Il y avait plusieurs entrées, des entremets, plusieurs viandes rouges et blanches, des faisans et des chapons, des poissons, des fruits et des desserts ; le tout arrosé de vins appropriés à chaque plat.
Un vrai repas de noce ! …
Le Rituel de cette époque invite le curé à redire chaque jour la prière ; « Seigneur, vous êtes celui qui chaque matin passe à mon doigt l’anneau du fils prodigue, faites que de nos coeurs incertains jaillisse la joie et la louange pour votre plus grande gloire ».
« L’An 1697, le quatrième jour de May », on transporta à l’église « avec toute la solennité qu’on pense » les reliques jusque là pieusement vénérées en la chapelle du château.
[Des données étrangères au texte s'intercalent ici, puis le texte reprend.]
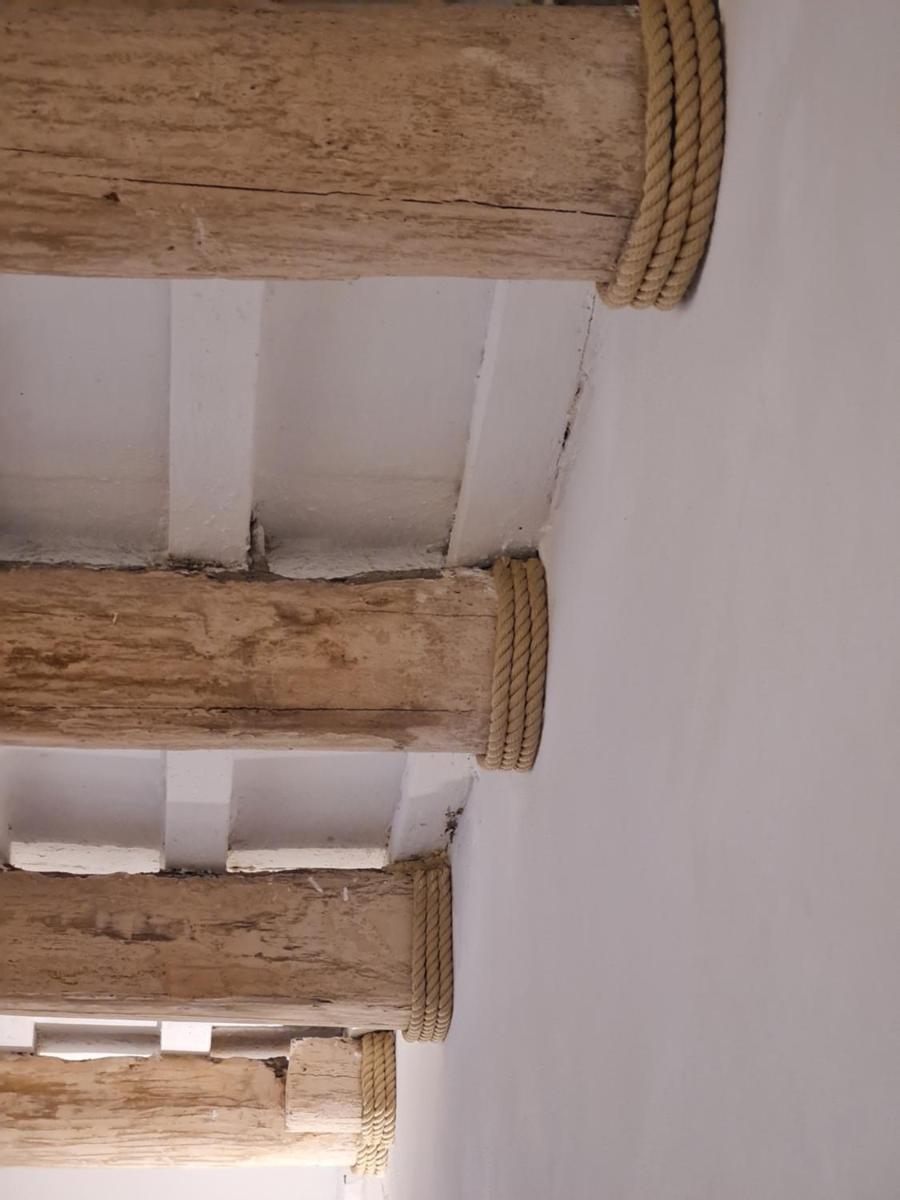 Tra i Mari - Housity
Madame la Duchesse de Montmorency -Luxembourg qui les avait offertes à l’église, assista à la cérémonie « présidée par Messire Claude-François Lefèvre d’Ormesson, prêtre docteur de la maison de Sorbonne, doyen de l’Eglise de Beauvais, Vicaire général de Monseigneur l’éminentissime Cardinal de Janson Forbin, évêque-compte de Beauvais, Vidame de Gerberoy, Pair de France, Commandeur des ordres du Roy… et en présence de Messire Alexandre de Barry, prêtre chapelain, Messire Henry Hané aussi chapelain dudit Précy et de Ma dite Dame Duchesse de Luxembourg… et Messire Robert Chefdeville, curé de Beaumont pris comme secrétaire, qui apposa, après reconnaissance des saintes reliques, le sceau de Monsieur le Cardinal-évêque ».

Blason Lefèvre-d’Ormesson

Alexandre de Barry resta curé de Précy jusqu’en 1704. Il a courageusement œuvré pour changer les mentalités imprégnées du jansénisme fort répandu dans la région. Il accepta le legs de Madame la Comtesse de Bouteville au profit des chapelains, s’élevant à 90 livres de rente annuelle. Il accepta également au nom de la Fabrique la fondation faite en 1699 « pour que la prière du soir fut récitée tous les dimanches avec bénédiction du saint ciboire ».
Cela se passait à la lueur des cierges et des bougies, le tout baignant dans les nuages parfumés de l’encens.